On 10/1/06, David Gerard dgerard@gmail.com wrote:
On 01/10/06, David Russell webmaster@davidarussell.co.uk wrote:
'Vanity articles. An article about a real person or corporation which appears to have been written by the subject, by one of its employees, or by a third party hired by the subject to write the article, regardless of the notability or otherwise of the subject.'
Looks relatively robust against the sincere variety of rules lawyer (I could be wrong) and seems to follow sensibly from the basic content policies.
The problem I would say is that it's really easy to confuse an article written by a third party for one written by the subject.
I've submitted a number of articles on freeware, for instance, and had them deleted as "vanity". I also know of a case where an article on a professor which was copied straight out of the Vanity Fair Magazine was listed on VfD as "vanity", and it received a significant majority of votes for deletion as "obvious vanity" at the time I went to Borders and noticed the plagiarism.

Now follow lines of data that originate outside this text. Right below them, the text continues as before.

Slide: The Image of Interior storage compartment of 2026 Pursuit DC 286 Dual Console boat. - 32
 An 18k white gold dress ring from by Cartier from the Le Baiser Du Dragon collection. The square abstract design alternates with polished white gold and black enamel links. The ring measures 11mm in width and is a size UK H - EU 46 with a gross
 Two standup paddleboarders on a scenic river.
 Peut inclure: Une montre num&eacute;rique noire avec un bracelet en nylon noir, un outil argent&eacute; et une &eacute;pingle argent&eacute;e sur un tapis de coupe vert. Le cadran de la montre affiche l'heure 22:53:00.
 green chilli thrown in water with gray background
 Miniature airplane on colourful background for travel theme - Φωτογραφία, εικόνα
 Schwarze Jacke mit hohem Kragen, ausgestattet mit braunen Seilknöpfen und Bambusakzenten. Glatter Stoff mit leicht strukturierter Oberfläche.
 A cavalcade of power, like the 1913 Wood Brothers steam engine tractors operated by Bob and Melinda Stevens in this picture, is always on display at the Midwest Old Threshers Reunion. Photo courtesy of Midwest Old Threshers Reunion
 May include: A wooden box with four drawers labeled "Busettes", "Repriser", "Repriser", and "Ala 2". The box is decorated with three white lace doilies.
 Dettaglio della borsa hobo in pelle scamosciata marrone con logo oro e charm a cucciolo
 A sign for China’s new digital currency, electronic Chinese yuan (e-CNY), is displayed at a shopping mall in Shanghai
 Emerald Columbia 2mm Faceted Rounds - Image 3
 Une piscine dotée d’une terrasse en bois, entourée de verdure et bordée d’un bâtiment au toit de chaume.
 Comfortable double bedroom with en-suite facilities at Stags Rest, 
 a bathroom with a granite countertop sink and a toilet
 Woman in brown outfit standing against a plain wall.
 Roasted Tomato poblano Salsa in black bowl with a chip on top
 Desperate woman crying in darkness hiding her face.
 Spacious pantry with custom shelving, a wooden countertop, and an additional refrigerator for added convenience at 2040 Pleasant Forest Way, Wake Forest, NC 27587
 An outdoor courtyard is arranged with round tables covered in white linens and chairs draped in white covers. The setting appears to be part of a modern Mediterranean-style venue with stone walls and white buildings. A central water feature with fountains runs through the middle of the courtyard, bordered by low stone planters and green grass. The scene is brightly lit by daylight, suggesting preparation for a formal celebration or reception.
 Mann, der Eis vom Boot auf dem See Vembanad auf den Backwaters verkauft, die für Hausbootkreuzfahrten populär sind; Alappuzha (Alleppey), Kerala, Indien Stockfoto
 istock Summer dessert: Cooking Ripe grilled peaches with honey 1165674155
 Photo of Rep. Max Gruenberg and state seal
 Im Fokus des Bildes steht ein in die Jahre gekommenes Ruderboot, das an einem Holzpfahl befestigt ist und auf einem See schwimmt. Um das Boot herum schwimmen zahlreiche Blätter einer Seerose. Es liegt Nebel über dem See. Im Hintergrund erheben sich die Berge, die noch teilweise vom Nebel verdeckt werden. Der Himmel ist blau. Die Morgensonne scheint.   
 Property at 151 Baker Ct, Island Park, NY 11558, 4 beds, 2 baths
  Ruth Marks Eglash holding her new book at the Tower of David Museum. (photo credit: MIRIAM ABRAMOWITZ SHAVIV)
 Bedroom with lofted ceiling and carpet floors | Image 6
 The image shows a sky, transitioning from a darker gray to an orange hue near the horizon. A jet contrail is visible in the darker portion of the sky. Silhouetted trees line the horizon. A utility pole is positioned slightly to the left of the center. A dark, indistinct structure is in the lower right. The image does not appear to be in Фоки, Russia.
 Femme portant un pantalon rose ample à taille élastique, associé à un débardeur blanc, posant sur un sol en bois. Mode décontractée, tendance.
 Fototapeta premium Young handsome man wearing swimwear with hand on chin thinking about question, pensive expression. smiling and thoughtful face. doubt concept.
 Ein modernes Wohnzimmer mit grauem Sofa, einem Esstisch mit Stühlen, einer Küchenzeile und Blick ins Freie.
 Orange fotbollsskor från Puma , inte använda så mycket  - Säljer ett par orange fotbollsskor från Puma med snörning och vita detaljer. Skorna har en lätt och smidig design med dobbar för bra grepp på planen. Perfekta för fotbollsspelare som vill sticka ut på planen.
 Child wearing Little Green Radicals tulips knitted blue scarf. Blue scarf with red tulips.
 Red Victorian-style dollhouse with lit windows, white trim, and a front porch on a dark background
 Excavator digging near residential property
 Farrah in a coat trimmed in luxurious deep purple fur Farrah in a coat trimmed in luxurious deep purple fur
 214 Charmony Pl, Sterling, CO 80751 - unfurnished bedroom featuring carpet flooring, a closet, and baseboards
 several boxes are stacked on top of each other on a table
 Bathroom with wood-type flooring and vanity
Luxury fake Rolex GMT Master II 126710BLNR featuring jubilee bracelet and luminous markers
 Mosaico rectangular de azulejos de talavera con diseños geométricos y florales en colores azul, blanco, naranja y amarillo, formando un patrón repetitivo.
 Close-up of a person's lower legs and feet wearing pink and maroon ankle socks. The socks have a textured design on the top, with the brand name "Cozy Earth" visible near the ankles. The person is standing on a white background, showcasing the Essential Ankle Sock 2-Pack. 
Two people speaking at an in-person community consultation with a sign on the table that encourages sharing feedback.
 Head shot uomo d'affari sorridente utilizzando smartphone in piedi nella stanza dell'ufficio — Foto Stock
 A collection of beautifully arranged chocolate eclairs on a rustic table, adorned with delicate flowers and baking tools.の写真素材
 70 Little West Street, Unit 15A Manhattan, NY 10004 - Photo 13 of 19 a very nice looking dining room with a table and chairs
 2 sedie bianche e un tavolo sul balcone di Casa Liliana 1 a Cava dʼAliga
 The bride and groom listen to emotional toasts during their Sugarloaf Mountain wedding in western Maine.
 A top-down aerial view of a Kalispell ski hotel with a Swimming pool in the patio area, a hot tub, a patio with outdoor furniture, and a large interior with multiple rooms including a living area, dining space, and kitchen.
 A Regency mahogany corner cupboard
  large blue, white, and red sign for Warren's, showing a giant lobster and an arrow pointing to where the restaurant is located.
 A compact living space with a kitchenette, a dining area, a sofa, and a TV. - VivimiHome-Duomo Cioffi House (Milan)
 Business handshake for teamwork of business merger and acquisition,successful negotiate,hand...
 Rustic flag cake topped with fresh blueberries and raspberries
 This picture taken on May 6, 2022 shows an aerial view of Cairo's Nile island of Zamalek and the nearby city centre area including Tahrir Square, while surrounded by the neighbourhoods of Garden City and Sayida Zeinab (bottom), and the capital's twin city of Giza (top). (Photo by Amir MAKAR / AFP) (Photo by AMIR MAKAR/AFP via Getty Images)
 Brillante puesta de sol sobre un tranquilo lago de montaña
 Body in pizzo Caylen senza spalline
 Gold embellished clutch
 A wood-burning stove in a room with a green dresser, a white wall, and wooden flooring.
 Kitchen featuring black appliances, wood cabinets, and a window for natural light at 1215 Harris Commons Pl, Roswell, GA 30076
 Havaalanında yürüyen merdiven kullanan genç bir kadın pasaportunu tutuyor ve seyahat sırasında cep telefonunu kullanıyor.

It seems to me that it's far to difficult to recognize which articles "have been written by the subject, by one of its employees, or by a third party hired by the subject to write the article" without having a large number of false positives or a large number of missed negatives.
I think it makes much more sense to let people remove those parts of articles they feel are not written from a neutral point of view, or are not verifiable. If it turns out there is nothing left, well, then an article might be a candidate for unilateral removal.